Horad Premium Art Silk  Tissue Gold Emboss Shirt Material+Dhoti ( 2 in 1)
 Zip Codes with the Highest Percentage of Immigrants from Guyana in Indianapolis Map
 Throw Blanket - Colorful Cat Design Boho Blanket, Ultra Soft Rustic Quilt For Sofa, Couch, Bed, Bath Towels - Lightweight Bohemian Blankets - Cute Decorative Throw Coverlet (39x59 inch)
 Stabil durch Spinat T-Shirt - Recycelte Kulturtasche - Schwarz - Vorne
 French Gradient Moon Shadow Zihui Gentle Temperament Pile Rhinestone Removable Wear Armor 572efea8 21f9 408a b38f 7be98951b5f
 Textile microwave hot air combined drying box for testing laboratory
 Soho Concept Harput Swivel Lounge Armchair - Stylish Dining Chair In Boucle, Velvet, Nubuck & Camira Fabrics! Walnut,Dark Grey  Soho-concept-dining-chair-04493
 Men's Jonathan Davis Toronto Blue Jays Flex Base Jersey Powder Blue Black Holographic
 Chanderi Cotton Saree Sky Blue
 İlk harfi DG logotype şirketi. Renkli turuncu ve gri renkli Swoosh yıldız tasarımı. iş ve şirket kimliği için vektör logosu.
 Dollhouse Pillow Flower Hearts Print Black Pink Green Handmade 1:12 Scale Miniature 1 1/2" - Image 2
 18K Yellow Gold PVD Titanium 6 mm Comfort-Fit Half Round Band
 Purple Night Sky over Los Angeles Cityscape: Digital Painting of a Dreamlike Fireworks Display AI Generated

---------------

TASK TO CARRY OUT: The word "Shirt" appears in some lines of the data. Copy every one of those lines.

RESULT OF THIS TASK:
Horad Premium Art Silk  Tissue Gold Emboss Shirt Material+Dhoti ( 2 in 1)
 Stabil durch Spinat T-Shirt - Recycelte Kulturtasche - Schwarz - Vorne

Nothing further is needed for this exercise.